Paradoxe d’exiger des voitures toujours plus sûres et de tolérer la commercialisation ( 4x4, et d’autres) de véhicules impossibles à ouvrir de l’intérieur si le contact n’est pas mis ou est endommagé, transformant ces bagnoles en cercueil pour les passagers en cas d’immersion, d’incendie, de froid polaire ou de chaleur torride si le conducteur est parti avec la clé de contact.
Paradoxe de commencer une guerre en plein Jeux Olympiques, manifestation planétaire destinée, souhaitait Pierre de Coubertin, à favoriser la fraternité entre les humains. Paradoxe de transformer chaque médaille obtenue en symbole de la puissance du pays, loin de toute idée de fraternité.
Paradoxe d'entendre des occidentaux prendre fait et cause pour, ou contre, l'Ossetie du sud dont ils se fichaient royalement il y a huit jours, et en ignoraient souvent l'existence.
Paradoxe d’augmenter le prix de la baguette il y a quelques semaines en raison de la hausse du prix des céréales, et d’annoncer aujourd’hui qu’il n’est pas question d’en baisser le prix alors que le blé se fait abondant et moins cher, au motif que le prix de la baguette, c’est plus du carburant que de la farine.

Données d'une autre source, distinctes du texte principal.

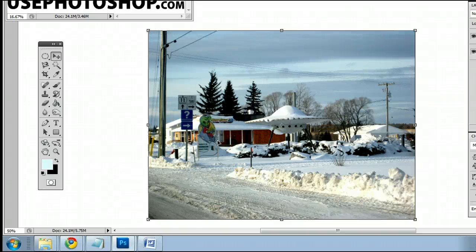Hello, my name is Sam. I'm from UsePhotoshop.com, a free tutorial, template, and photo resource. In this video I'm going to help you understand the elliptical marquee tool in Adobe Photoshop. I'm running the most current version at this time, Photoshop CS5.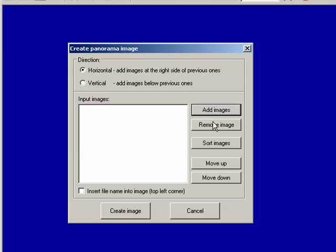We can add images, remove images, sort images, and once we get the images loaded, we can move them up and down.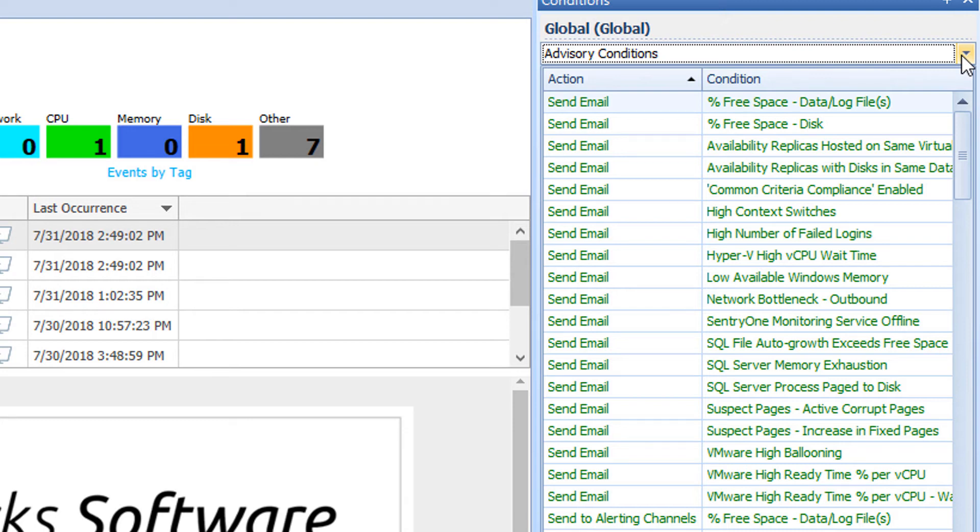The first three categories that were discussed are more of a reactive list of conditions. However, the Advisory Conditions allow us to become more proactive in the environment by setting up conditions with thresholds that will provide us with early warning alerts.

Paradoxe d’obliger les chômeurs à accepter un travail jusqu’à une heure de transport de chez eux alors que l’économie comme l’écologie exigent qu’on économise le carburant et qu’on réduise les distances travail/emploi.
Paradoxe de vouloir se libérer du stress du téléphone en vacances, et de paniquer parce qu’il n’y a aucun cybercafé dans le bled où on séjourne. « J’vais voir Mémelle » dit avec une mine réjouie n’annonce pas une aventure coquine avec la tenancière du bistro, mais la découverte d’un relais Internet soulageante comme celle d’une pissotière publique en cas d’urgence.